In 25 similar filings with the Oklahoma Court of Criminal Appeals on Friday, Attorney General John O’Connor wrote that the federal court’s stays of execution are no longer in place and that therefore there are no longer any legal impediments to executing the inmates, who have exhausted their appeals.
The state Department of Corrections has asked that the first execution be set no earlier than Aug. 25, O’Connor wrote. He asked that the dates be set at four week intervals due to the time required for a clemency hearing for each inmate prior to an execution, and that the DOC requested executions be set at least 35 days after the court’s order.
“For the sake of the victims’ families, many of whom have waited for decades — as many executions as possible are set four weeks apart,” O’Connor wrote.
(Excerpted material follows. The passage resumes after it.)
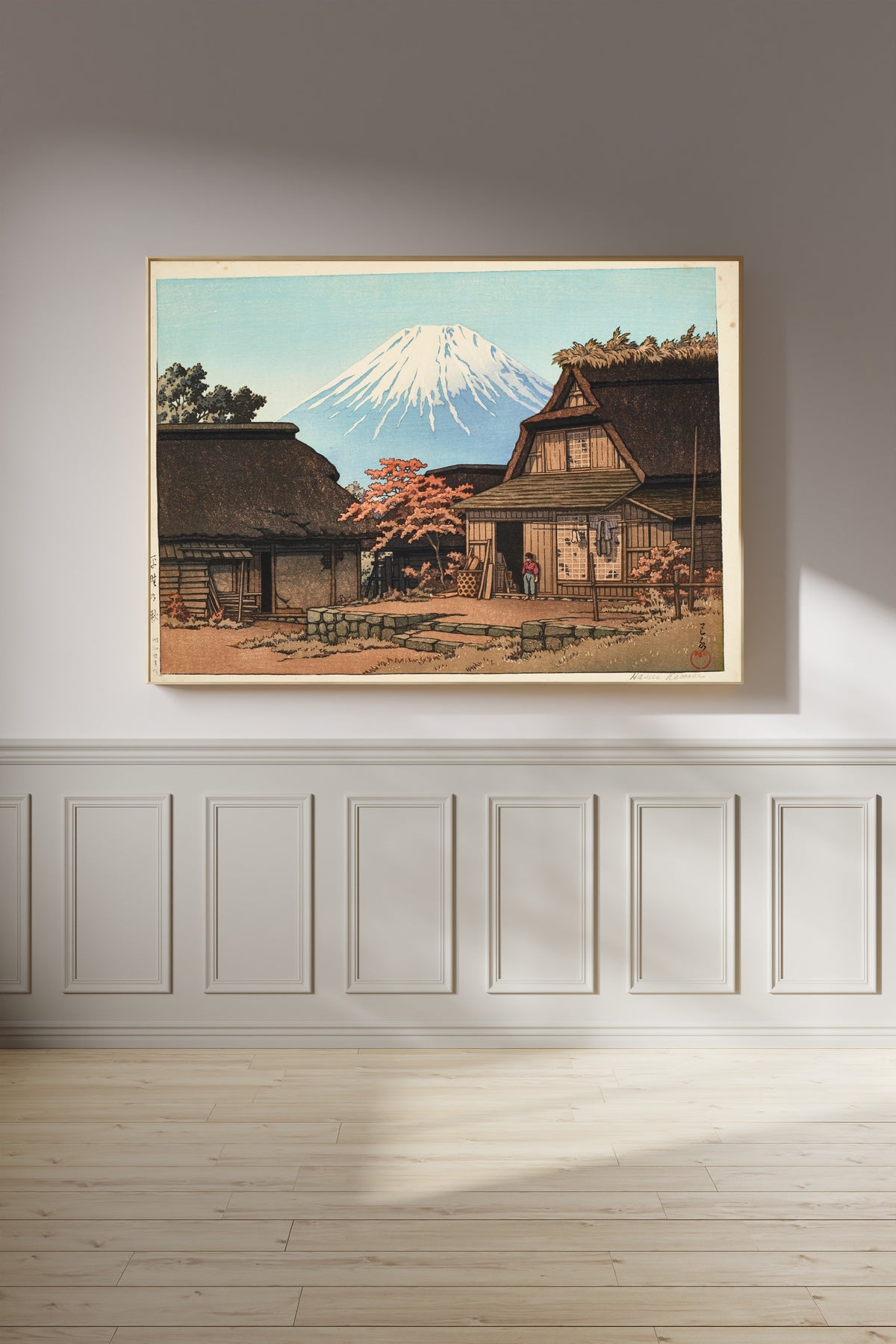 Framed art print of Autumn at Hirano by Kawase Hasui, on a panelled wall in afternoon light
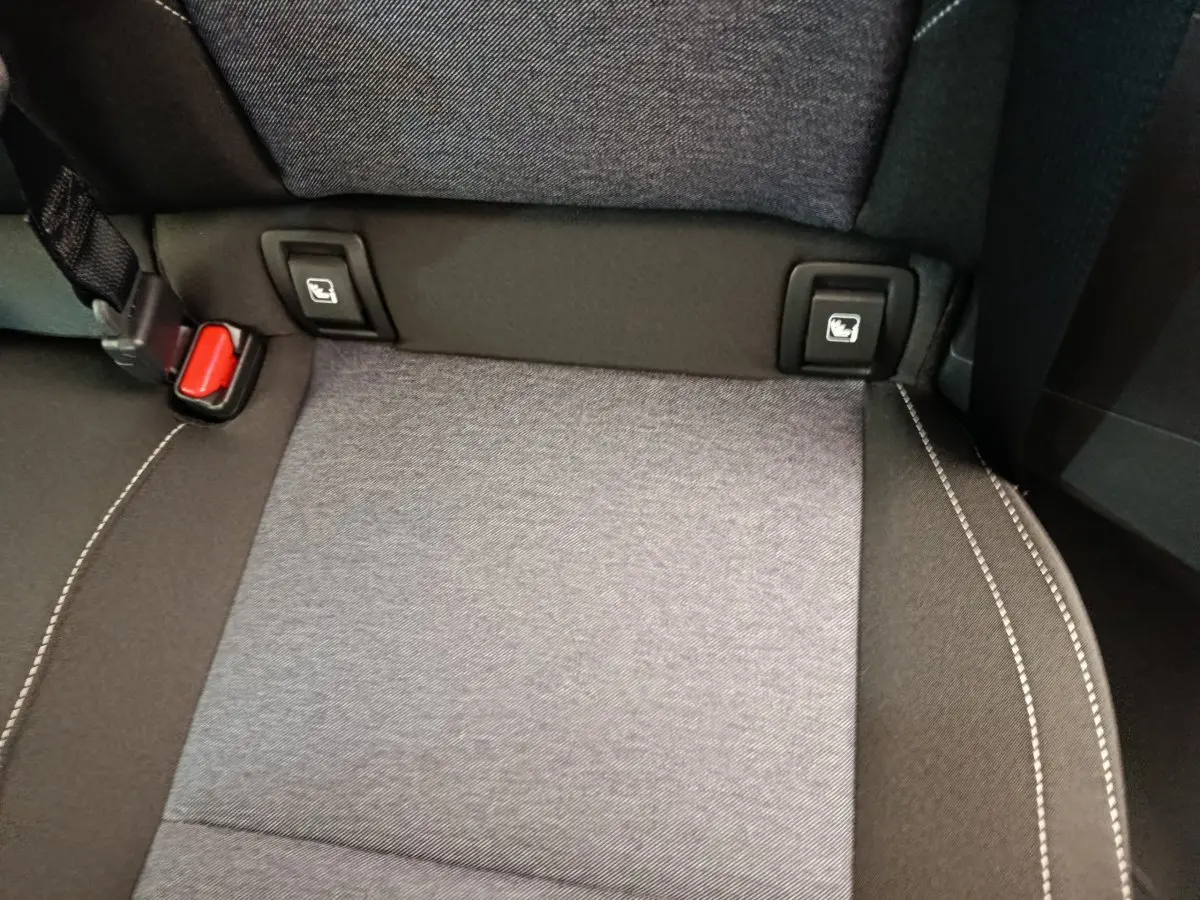 Détail de la banquette arrière grise avec fixation Isofix et ceinture rouge dans une Renault R5 Techno 2025.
O’Connor suggested that the first inmate who should be put to death is James Coddington, whose March 10 execution was postponed after U.S. District Judge Stephen Friot allowed him to join the lawsuit that ultimately failed.
A phone call to the office of an attorney for Coddington rang unanswered Saturday. Defense attorneys have previously said Coddington has a mental illness.
Coddington was convicted and sentenced to die for the 1997 hammer killing in Choctaw of co-worker Albert Hale, who prosecutors said had refused to lend Coddington $50 to buy drugs.
Second on the list, which the filing said was proposed based on when each inmate’s appeals were exhausted, would be Richard Glossip, the lead plaintiff in the federal lawsuit. He was hours from being executed September 2015 when prison officials realized they had received the wrong lethal drug.
It was later learned the same wrong drug had been used previously to execute an inmate, and executions in the state were put on hold.
Glossip, who was twice convicted and sentenced to die for killing Barry Van Treese, the owner of the motel where Glossip worked, has maintained his innocence.
Don Knight, Glossip’s attorney, noted that a group of Republican lawmakers who question Glossip’s guilt have requested a review of the case.
“Those findings could reveal exculpatory information previously unknown until this point,” Knight said in a statement. “Until everyone has the opportunity to examine the final report, the Attorney General has a moral duty to delay the execution of Richard Glossip.”
Executions in Oklahoma resumed in October with John Grant, who convulsed on the gurney and vomited before being declared dead. Since then, three more executions were carried out without noticeable complications, most recently inmate Gilbert Ray Postelle, who was put to death Feb. 17.
Federal public defender Jennifer Moreno, one of the attorneys who represented the inmates in the failed federal lawsuit, has said an appeal of Friot’s ruling was being considered.
She didn’t immediately reply to Saturday messages seeking comment.